ASSIGNMENT. The response must consist of the lines below from the one with "Vase en grès" through the one with "Cremaillere assistee PEUGEOT 207 Photo n°4", exactly as they appear and with both ends kept.

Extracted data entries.
= Beginning of Section =
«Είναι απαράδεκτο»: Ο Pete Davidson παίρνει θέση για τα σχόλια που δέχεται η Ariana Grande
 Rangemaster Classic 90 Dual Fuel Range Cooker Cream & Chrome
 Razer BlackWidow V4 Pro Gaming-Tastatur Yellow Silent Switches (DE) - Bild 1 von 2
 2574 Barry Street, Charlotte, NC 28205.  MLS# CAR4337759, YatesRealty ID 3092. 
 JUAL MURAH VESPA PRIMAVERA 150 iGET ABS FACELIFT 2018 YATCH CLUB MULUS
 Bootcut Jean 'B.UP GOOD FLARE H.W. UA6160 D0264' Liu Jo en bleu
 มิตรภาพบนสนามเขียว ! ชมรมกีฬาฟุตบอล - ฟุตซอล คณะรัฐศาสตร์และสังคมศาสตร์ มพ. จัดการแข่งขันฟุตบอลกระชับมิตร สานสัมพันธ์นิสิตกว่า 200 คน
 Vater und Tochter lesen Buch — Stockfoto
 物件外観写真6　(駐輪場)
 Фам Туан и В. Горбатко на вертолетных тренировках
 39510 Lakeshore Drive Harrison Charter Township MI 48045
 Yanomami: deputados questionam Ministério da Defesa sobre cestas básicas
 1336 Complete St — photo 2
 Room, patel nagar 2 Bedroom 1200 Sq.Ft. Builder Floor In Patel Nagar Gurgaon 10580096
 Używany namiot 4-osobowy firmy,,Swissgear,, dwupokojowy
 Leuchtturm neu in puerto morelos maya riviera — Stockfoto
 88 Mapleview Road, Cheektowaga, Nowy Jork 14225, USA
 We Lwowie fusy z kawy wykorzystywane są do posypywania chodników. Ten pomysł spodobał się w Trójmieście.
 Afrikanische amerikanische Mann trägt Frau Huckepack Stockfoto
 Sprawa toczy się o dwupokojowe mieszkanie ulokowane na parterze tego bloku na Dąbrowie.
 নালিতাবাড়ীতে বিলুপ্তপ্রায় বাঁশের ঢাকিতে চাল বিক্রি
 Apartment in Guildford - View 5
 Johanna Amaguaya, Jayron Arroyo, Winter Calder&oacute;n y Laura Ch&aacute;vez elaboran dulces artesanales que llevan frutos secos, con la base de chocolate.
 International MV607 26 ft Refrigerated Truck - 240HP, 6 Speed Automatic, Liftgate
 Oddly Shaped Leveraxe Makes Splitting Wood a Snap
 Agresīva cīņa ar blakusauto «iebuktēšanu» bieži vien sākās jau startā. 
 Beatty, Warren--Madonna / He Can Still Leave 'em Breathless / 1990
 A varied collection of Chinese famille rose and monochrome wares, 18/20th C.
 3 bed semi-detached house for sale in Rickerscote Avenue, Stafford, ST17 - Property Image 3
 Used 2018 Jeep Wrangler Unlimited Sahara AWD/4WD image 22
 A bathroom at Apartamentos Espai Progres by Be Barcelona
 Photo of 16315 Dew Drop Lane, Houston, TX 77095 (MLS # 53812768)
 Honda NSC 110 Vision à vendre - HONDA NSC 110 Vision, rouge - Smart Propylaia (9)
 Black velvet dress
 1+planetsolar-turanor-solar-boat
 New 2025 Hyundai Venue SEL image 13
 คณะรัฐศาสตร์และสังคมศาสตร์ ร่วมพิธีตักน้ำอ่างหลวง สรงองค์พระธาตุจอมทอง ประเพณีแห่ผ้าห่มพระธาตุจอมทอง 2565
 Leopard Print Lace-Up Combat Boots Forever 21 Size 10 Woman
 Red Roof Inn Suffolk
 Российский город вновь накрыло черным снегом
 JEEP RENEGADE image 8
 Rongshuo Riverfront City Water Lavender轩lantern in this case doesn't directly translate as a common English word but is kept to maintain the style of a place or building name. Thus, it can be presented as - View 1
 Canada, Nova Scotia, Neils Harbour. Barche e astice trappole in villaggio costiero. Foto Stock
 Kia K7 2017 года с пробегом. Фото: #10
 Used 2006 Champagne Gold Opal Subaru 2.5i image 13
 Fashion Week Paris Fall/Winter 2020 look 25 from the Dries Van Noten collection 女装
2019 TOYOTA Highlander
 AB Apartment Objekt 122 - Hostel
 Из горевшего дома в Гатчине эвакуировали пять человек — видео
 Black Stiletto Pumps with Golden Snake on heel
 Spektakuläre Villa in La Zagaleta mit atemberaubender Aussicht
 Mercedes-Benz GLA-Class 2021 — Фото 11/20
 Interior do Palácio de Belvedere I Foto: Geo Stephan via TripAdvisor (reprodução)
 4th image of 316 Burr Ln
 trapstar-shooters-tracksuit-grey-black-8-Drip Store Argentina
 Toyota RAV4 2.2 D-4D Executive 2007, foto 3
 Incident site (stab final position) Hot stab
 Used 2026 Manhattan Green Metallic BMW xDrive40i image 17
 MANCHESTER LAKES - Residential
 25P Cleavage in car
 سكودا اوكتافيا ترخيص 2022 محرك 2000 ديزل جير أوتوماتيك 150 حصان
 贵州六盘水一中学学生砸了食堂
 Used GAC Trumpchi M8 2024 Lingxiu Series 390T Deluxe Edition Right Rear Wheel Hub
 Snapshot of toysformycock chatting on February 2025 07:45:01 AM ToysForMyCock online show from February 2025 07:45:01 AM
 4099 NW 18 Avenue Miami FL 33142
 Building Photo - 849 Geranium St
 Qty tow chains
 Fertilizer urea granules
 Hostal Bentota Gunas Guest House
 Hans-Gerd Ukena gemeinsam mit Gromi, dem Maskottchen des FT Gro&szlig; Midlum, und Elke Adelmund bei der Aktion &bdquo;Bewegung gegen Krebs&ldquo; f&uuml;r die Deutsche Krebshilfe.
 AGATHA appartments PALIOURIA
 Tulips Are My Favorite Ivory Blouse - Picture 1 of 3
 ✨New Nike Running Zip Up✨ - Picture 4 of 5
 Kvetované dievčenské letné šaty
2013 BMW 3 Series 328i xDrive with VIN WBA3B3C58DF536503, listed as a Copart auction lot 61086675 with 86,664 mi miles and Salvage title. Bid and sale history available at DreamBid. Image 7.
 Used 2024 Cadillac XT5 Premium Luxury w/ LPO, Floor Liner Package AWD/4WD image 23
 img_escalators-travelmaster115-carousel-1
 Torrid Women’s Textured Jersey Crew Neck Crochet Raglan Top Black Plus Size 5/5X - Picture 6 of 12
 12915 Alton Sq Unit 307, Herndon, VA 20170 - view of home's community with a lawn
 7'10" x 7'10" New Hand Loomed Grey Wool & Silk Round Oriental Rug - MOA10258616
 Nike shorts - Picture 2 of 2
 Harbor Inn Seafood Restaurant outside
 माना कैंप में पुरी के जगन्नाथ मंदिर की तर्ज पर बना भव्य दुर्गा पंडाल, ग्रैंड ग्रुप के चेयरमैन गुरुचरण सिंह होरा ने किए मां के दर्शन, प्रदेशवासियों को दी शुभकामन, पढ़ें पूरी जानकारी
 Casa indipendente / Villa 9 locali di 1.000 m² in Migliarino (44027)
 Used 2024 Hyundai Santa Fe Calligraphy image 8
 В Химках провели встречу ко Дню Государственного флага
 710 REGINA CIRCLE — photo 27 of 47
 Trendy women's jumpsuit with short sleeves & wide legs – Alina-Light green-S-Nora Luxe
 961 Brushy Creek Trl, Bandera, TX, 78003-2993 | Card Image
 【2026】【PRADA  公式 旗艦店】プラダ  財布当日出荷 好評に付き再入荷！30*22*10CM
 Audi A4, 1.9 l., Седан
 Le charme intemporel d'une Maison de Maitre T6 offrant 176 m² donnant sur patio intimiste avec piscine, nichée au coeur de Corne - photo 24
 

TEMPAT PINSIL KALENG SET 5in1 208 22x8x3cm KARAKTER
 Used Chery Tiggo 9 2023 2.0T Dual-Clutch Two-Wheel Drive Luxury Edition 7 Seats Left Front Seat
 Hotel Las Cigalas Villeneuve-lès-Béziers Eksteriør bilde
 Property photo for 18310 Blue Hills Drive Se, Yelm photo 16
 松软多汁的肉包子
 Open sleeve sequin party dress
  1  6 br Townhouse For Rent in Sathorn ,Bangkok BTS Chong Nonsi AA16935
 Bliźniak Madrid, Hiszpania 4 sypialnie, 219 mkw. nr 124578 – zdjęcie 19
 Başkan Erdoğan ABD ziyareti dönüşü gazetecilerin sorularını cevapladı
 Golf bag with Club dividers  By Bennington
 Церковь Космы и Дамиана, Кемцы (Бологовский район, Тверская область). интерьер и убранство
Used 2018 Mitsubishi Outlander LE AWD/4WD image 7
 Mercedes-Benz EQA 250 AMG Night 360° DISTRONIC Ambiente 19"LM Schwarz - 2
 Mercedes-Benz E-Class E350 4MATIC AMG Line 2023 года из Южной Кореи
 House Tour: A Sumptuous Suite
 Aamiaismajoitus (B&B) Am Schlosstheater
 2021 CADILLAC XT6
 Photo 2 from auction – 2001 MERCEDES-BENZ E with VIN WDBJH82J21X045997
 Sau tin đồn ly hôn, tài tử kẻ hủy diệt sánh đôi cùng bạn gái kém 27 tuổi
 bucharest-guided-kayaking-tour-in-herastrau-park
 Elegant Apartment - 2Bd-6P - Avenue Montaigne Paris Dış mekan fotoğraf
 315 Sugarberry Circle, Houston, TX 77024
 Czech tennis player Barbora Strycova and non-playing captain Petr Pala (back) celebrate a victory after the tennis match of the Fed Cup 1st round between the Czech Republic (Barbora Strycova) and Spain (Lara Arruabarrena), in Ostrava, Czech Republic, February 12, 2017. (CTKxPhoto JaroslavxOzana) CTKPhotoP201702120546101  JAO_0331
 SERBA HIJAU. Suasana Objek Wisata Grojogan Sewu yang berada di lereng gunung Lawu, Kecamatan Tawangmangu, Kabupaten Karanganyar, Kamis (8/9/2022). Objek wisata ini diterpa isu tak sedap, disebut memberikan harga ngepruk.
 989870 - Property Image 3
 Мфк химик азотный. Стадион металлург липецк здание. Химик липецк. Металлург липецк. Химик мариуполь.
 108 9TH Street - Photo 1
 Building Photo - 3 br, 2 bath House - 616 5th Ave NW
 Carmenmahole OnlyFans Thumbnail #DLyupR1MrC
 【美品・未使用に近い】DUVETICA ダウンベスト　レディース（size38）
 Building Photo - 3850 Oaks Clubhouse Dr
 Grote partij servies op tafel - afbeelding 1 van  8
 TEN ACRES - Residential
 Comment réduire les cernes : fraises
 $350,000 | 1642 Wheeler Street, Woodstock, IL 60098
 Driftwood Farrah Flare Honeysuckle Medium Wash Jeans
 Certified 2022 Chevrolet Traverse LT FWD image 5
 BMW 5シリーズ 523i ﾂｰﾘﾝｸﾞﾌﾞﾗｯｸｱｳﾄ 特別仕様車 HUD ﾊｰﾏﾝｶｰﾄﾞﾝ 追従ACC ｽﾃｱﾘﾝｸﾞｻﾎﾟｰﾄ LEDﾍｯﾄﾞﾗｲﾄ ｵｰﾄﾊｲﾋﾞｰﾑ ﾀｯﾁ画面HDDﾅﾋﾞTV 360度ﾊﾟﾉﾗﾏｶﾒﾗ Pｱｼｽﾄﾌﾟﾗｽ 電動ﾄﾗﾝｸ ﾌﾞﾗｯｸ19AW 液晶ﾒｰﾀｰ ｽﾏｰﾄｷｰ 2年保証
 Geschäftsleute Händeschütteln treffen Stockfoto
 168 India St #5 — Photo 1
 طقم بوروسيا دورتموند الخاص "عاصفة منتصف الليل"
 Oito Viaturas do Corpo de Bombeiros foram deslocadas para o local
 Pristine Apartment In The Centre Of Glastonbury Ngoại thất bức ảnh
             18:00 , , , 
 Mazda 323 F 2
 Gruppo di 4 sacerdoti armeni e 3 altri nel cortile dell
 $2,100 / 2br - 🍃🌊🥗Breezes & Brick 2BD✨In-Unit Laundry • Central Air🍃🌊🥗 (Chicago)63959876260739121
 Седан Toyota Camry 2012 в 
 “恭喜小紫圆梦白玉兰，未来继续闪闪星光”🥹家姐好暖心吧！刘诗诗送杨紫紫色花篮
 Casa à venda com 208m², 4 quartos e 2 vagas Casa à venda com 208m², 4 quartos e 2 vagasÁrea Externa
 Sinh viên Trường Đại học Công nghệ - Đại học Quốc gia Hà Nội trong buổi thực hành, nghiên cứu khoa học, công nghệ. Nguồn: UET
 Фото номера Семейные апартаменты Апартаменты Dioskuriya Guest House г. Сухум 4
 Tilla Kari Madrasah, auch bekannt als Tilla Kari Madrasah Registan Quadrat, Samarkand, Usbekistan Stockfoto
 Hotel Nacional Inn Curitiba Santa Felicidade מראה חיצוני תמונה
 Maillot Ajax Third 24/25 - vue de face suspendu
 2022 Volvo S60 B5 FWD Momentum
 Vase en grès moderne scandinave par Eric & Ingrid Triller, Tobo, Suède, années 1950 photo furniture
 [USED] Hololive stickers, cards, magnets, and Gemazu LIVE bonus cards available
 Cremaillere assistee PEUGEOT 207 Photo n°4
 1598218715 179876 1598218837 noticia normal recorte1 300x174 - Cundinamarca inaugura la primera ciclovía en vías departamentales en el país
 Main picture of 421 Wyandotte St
= End of Section =
EXERCISE OUTPUT.
 Vase en grès moderne scandinave par Eric & Ingrid Triller, Tobo, Suède, années 1950 photo furniture
 [USED] Hololive stickers, cards, magnets, and Gemazu LIVE bonus cards available
 Cremaillere assistee PEUGEOT 207 Photo n°4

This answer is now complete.